The reason data snooping can be tricky is that we like to think that, on a general level, history repeats itself. When performing statistical analysis, that translates to “if the evidence indicates a strong relationship in the past, then it is likely to continue in the future.” For example, history tells us that first round picks will perform better, on average, then sixth round picks. That’s both what the data suggest and an accurate statement.

But what happens when the data suggest that being born on February 14th or February 15th means a player is more likely to be a great quarterback? After all, the numbers tell us that 14% of all the NFL’s 30,000-yard passers were born on one of those two days, which only account for 0.6% of the days of the year. Just because history tells us that those dates are highly correlated with success — and the p-value would surely be very impressive — doesn’t mean that there is any predictive value in that piece of information.

In rebuking a different football hypothesis, Maurile Tremblay once wrote:

Such hypotheses are typically formed using all the data currently available – which means that there are no fresh data left to test them on. It is a fundamental rule of hypothesis-testing that, whenever possible, you should not use the same data to both formulate and test your hypothesis. A short example will illustrate why this is so. Suppose I roll a six-sided die 100 times and analyze the results. I will be able to find many patterns in the results of those 100 rolls. I may find, for example, that a three was followed by a six 40% of the time, or that a one was never followed by a six. Would you trust any such patterns to hold true over the next hundred rolls? You shouldn’t. If they do, it would just be coincidence. It is easy to find patterns by looking for them in a given set of data; but the test of whether those patterns are meaningful is whether they hold true in data that have not yet been examined.

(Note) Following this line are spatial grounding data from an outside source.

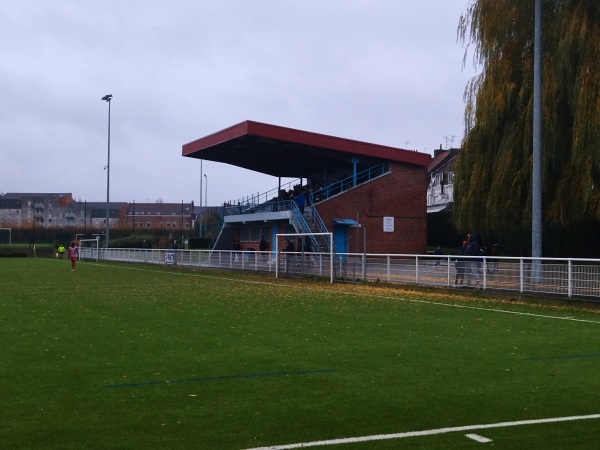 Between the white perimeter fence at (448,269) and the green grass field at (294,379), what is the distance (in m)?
3.22

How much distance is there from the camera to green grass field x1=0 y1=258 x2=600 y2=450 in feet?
21.0

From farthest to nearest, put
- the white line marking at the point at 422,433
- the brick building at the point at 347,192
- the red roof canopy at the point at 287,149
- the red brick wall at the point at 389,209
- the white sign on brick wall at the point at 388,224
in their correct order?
1. the white sign on brick wall at the point at 388,224
2. the red brick wall at the point at 389,209
3. the brick building at the point at 347,192
4. the red roof canopy at the point at 287,149
5. the white line marking at the point at 422,433

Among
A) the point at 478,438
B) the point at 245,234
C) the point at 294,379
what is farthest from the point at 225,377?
the point at 245,234

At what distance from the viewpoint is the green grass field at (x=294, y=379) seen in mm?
6414

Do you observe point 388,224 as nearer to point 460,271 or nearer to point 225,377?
point 460,271

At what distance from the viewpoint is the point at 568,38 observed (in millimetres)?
24938

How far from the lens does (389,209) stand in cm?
4631

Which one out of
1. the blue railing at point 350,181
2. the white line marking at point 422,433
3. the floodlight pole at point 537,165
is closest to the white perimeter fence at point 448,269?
the floodlight pole at point 537,165

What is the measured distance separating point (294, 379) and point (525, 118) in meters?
20.6

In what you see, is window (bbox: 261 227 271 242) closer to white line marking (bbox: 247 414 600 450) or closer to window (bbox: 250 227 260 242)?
window (bbox: 250 227 260 242)

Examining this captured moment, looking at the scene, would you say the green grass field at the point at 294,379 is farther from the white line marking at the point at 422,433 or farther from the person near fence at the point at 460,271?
the person near fence at the point at 460,271

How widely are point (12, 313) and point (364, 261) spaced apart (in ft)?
50.8

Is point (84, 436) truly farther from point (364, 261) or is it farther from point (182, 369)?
point (364, 261)

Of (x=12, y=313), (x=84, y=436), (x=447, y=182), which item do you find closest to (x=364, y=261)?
(x=12, y=313) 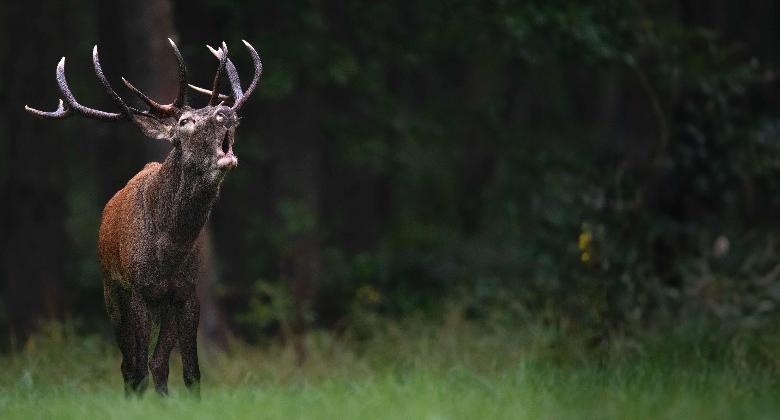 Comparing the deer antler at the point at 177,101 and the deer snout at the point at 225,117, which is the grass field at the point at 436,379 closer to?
the deer snout at the point at 225,117

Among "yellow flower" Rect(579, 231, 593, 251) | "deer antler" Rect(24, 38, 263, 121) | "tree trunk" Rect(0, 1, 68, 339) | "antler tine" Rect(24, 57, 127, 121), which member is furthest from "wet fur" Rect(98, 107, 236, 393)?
"tree trunk" Rect(0, 1, 68, 339)

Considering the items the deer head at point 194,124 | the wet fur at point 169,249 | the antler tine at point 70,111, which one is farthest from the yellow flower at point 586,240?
the antler tine at point 70,111

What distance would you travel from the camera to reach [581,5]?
15.0m

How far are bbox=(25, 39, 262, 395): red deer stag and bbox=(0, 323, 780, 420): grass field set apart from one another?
0.35 metres

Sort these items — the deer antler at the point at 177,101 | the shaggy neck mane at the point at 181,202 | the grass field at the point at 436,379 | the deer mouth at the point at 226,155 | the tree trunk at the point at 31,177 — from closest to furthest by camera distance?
the grass field at the point at 436,379
the deer mouth at the point at 226,155
the shaggy neck mane at the point at 181,202
the deer antler at the point at 177,101
the tree trunk at the point at 31,177

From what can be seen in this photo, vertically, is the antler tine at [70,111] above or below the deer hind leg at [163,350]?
above

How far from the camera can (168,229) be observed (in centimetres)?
838

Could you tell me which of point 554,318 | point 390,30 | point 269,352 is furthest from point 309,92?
point 554,318

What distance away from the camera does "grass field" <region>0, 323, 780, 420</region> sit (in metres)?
7.47

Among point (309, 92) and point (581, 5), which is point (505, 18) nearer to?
point (581, 5)

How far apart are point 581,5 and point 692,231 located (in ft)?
9.72

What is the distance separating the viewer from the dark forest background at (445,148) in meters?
13.5

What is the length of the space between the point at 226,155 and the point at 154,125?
82 cm

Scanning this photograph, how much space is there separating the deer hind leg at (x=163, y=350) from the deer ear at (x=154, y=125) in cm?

I bolded that last sentence because it’s the most important one in this post. This concept is obvious when we talk about dice or birthdays or jersey colors. We know there’s randomness there. But when we talk about football, and a less absurd pattern, it’s much easier to be confused. If you the researcher plan on using all of your data when running a study, you must formulate your hypothesis beforehand. If you simply want to look for what variables correlate with success after mining through your data, then you’re data snooping. If you want to present yourself as data snooping, then that’s fine. But once you’ve mined through all your data, you have no data left on which you can properly test the repeatability of your theory.

So what can you do if you want to data snoop? One option is to split the data into two groups: this works well if you want to data snoop first and ask questions later. Another option is to data snoop and then present the article as one of trivia. A third option is to critically analyze any relationship you discover without regard to p-values. Any football theory should be able to hold water without regard to significance tests. You should be able to explain your theory to a casual fan, and what the possible drawbacks and criticisms of your theory are, too.

What you can’t do is fall back on significance tests — that’s the Wyatt Earp problem. Or say “well even if you find this hard to believe, that’s what the numbers say!” Finding patterns is easy; finding meaningful relationships is hard.